А мать видели в городке, она ходила по парку с какими-то оккупационными чинами, а потом приезжал в слободу важный, плотный, на бричке с солдатом-ездовым – серебряные погончики, серебряный кант на фуражке – и увез мать, принарядившуюся, в цветном платке, с новым, незнакомым еще Димке ожерельем, из цветного стекляруса на шее, кататься. И деревенские полицаи, здоровенные мужики с повязками на рукавах и карабинами за плечами, отдавали честь.

Ничего не сказал Димка матери, когда она расспрашивала его в ту горячечную ночь, отчего вспухла спина. Впрочем, мать привыкла ко всяческим Димкиным увечьям, и эта неожиданная лихорадка ее не особенно встревожила. А Димку трясло от жара, от ненависти и любви к матери. Теперь он вступал в войну не только с теми пацанами, что жили на полевом конце слободы, но со всеми пушкарскими.

Прощайте, костры в ночном, варка кулеша, купания в пруду… Отныне он будет в вечной оглядке, нескончаемой борьбе.

Еще не было известно о гибели отца, еще ждал Димка увидеть его среди тех, кто освободит курские слободы, которые после неудачного зимнего наступления так и оставались под немцем. И вот мать… как она могла, как надела она бесстрашно и нагло среди бела дня цветастое монисто – офицерский подарок? И самое обидное было в том, что среди насмешников и угнетателей Димкиных было немало и полицейских сынков, которых никто не трогал, не задирал – можно было и плетки схлопотать от папань.
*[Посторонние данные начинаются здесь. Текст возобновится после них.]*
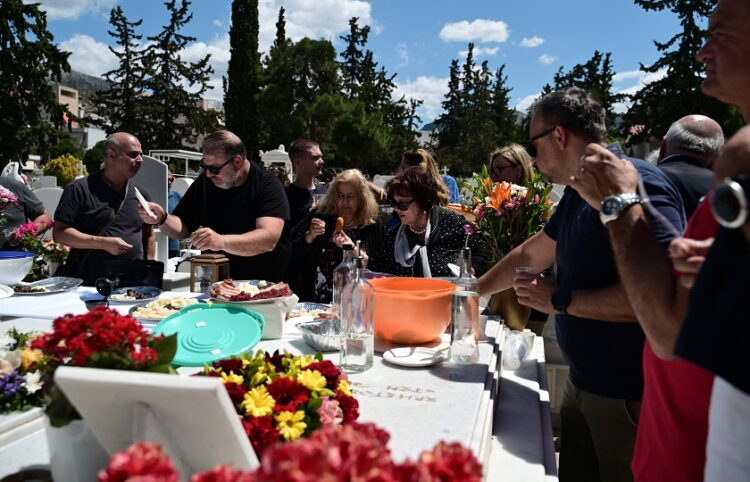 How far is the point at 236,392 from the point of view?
1.15 m

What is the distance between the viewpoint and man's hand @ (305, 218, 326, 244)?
3.86 meters

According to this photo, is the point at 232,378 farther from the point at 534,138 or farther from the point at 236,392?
the point at 534,138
Только отчаянностью, безумной, дикой, мог Димка хоть как-то удержаться в мире сверстников, заставить их считаться с его присутствием. И он старался. Когда мать в очередной раз лупила его за смертельную выходку с оружием, лупила, плача от переживаний – с зажмуренными глазами, наотмашь, Димка не выдержал, сам зарыдал – не от боли, нет, от несправедливости. И прокричал ей, захлебываясь, со злобой загнанного хорька то, что о ней говорят в селе пацаны, какими словами. Он ужаснулся тому, что говорит, и старался вырыдать все скорее, громче, острее.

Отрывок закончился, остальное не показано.